TASK TO CARRY OUT: Print the listing below a second time, exactly, and omit its images.
#### STORED DATA ####
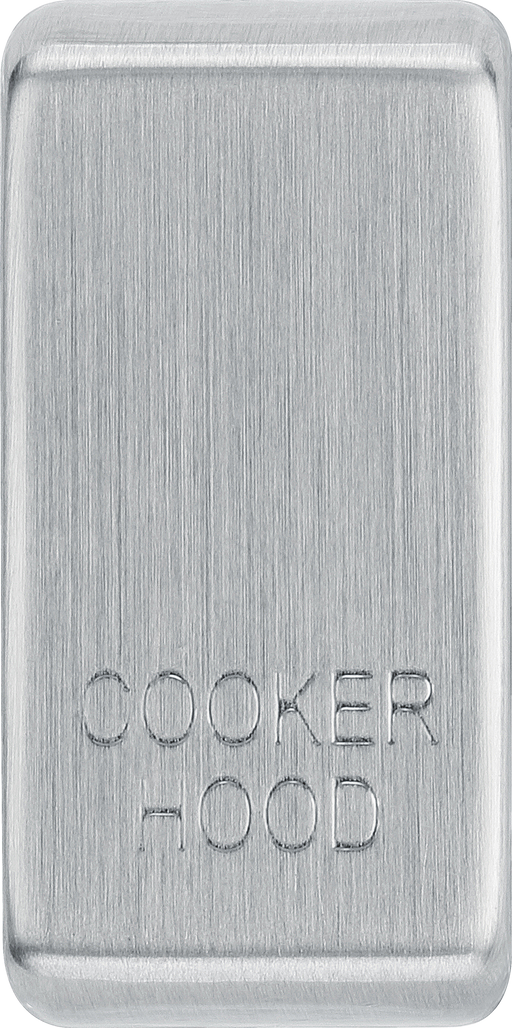 RRCHBS Front - This brushed steel finish rocker can be used to replace an existing switch rocker in the British General Grid range for easy identification of the device it operates and has 'COOKER HOOD' embossed on it.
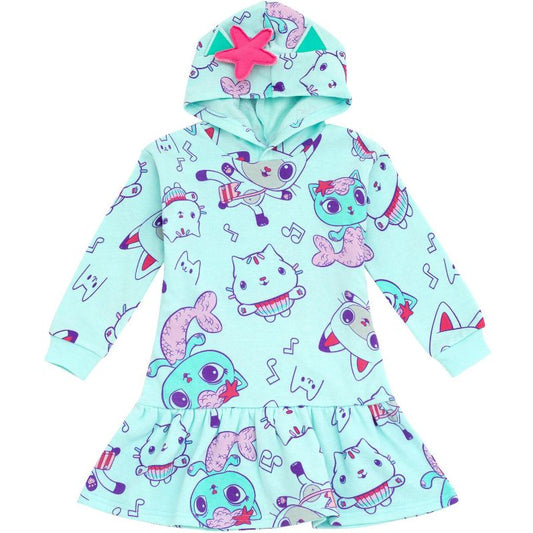 Dreamworks Gabby's Dollhouse Pandy Paws Cakey Cat MerCat Girls Fleece Dress Toddler to Big Kid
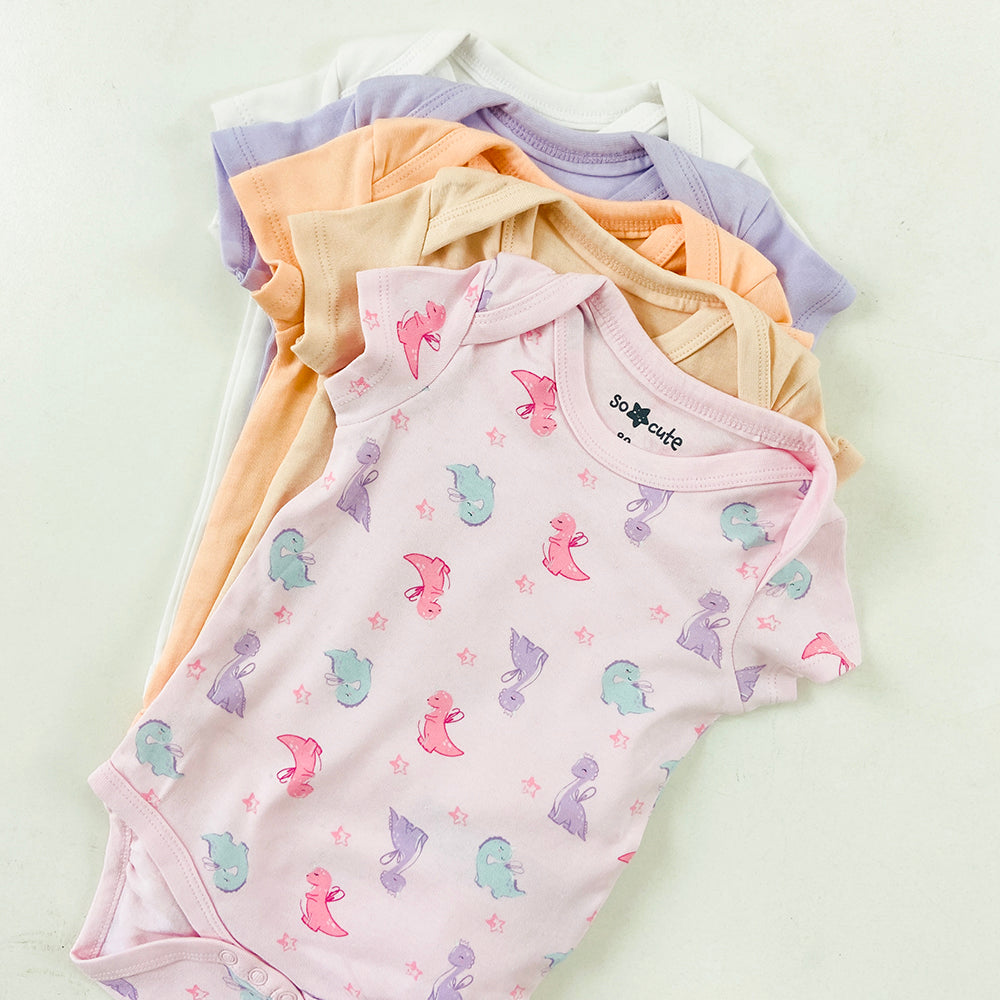 Pack of 3 Multicolor Half Sleeve Organic Cotton Baby Romper Combo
####
SOLUTION:
 RRCHBS Front - This brushed steel finish rocker can be used to replace an existing switch rocker in the British General Grid range for easy identification of the device it operates and has 'COOKER HOOD' embossed on it.
 Dreamworks Gabby's Dollhouse Pandy Paws Cakey Cat MerCat Girls Fleece Dress Toddler to Big Kid
 Pack of 3 Multicolor Half Sleeve Organic Cotton Baby Romper Combo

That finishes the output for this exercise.